Task description:
Where the line with "DSQUARED2 crocodile gladiator sandals" appears below, start writing out lines exactly, and finish with the line with "VALUE BRIGHT™ Plastic", which is included; write out nothing else.

Extracted information:
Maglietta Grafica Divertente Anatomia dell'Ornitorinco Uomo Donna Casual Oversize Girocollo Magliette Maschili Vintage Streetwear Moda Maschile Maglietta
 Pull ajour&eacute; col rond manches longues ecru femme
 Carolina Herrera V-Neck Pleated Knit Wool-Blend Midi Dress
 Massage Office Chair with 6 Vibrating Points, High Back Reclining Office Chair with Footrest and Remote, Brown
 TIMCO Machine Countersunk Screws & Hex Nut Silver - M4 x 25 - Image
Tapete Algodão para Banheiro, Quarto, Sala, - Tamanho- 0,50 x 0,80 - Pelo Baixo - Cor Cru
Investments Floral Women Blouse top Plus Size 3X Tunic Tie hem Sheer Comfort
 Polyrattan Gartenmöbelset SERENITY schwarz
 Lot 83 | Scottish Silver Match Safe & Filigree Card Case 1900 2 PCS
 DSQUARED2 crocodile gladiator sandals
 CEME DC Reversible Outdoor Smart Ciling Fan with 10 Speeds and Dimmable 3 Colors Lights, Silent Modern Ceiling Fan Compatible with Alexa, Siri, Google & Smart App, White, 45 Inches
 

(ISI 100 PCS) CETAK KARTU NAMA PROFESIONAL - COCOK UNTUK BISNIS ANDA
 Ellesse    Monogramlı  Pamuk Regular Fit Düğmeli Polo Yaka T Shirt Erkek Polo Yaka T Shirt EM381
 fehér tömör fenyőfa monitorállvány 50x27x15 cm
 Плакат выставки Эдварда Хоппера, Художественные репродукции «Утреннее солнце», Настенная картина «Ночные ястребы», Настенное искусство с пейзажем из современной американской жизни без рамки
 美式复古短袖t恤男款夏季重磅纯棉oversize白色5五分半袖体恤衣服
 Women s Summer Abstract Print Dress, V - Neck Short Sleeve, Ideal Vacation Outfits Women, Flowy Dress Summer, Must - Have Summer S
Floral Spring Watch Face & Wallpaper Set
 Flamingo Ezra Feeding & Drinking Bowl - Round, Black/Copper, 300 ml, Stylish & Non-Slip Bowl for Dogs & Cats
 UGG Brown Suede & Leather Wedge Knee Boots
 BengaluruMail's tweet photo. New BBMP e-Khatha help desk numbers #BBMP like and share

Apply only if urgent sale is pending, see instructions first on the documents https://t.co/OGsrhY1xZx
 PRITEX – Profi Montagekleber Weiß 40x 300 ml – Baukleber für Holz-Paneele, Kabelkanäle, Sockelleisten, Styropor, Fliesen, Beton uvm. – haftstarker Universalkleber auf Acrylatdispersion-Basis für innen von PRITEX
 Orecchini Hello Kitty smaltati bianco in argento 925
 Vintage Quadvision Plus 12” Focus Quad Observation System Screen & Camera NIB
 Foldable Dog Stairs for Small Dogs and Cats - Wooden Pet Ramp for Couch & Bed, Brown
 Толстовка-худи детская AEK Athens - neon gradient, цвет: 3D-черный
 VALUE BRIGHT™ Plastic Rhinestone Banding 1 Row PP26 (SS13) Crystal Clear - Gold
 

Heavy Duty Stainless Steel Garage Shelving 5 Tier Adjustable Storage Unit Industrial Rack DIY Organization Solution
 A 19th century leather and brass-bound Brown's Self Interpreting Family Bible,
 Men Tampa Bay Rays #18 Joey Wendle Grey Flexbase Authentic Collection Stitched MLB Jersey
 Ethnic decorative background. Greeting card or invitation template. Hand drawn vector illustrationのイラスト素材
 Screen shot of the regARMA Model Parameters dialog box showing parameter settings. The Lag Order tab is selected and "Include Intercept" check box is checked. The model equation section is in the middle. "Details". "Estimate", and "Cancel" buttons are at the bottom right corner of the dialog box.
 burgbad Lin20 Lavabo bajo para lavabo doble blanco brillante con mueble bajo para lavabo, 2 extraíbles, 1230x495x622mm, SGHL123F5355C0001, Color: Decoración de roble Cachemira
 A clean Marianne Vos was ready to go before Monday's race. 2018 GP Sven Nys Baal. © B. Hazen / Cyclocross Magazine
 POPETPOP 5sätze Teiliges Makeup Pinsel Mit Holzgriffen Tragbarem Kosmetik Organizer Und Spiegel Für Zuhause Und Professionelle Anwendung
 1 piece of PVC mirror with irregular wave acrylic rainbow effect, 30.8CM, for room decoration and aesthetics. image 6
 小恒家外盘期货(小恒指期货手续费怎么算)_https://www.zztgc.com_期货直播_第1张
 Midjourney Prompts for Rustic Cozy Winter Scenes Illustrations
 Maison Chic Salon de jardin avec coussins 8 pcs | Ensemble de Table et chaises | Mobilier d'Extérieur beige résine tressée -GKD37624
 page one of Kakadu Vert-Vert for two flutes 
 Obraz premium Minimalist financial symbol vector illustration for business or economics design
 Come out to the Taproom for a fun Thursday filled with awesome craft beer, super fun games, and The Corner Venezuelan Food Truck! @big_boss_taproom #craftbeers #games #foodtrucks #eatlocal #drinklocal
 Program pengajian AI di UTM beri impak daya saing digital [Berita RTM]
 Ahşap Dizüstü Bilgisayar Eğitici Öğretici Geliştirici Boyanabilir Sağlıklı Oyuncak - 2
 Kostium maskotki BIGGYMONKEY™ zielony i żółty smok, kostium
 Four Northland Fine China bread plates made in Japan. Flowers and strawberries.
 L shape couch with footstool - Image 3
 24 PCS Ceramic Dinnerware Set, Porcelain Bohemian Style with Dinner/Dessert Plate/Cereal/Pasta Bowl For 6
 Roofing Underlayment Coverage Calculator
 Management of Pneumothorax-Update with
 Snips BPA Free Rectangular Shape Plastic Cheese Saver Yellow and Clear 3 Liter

Finished exercise:
 DSQUARED2 crocodile gladiator sandals
 CEME DC Reversible Outdoor Smart Ciling Fan with 10 Speeds and Dimmable 3 Colors Lights, Silent Modern Ceiling Fan Compatible with Alexa, Siri, Google & Smart App, White, 45 Inches
 

(ISI 100 PCS) CETAK KARTU NAMA PROFESIONAL - COCOK UNTUK BISNIS ANDA
 Ellesse    Monogramlı  Pamuk Regular Fit Düğmeli Polo Yaka T Shirt Erkek Polo Yaka T Shirt EM381
 fehér tömör fenyőfa monitorállvány 50x27x15 cm
 Плакат выставки Эдварда Хоппера, Художественные репродукции «Утреннее солнце», Настенная картина «Ночные ястребы», Настенное искусство с пейзажем из современной американской жизни без рамки
 美式复古短袖t恤男款夏季重磅纯棉oversize白色5五分半袖体恤衣服
 Women s Summer Abstract Print Dress, V - Neck Short Sleeve, Ideal Vacation Outfits Women, Flowy Dress Summer, Must - Have Summer S
Floral Spring Watch Face & Wallpaper Set
 Flamingo Ezra Feeding & Drinking Bowl - Round, Black/Copper, 300 ml, Stylish & Non-Slip Bowl for Dogs & Cats
 UGG Brown Suede & Leather Wedge Knee Boots
 BengaluruMail's tweet photo. New BBMP e-Khatha help desk numbers #BBMP like and share

Apply only if urgent sale is pending, see instructions first on the documents https://t.co/OGsrhY1xZx
 PRITEX – Profi Montagekleber Weiß 40x 300 ml – Baukleber für Holz-Paneele, Kabelkanäle, Sockelleisten, Styropor, Fliesen, Beton uvm. – haftstarker Universalkleber auf Acrylatdispersion-Basis für innen von PRITEX
 Orecchini Hello Kitty smaltati bianco in argento 925
 Vintage Quadvision Plus 12” Focus Quad Observation System Screen & Camera NIB
 Foldable Dog Stairs for Small Dogs and Cats - Wooden Pet Ramp for Couch & Bed, Brown
 Толстовка-худи детская AEK Athens - neon gradient, цвет: 3D-черный
 VALUE BRIGHT™ Plastic Rhinestone Banding 1 Row PP26 (SS13) Crystal Clear - Gold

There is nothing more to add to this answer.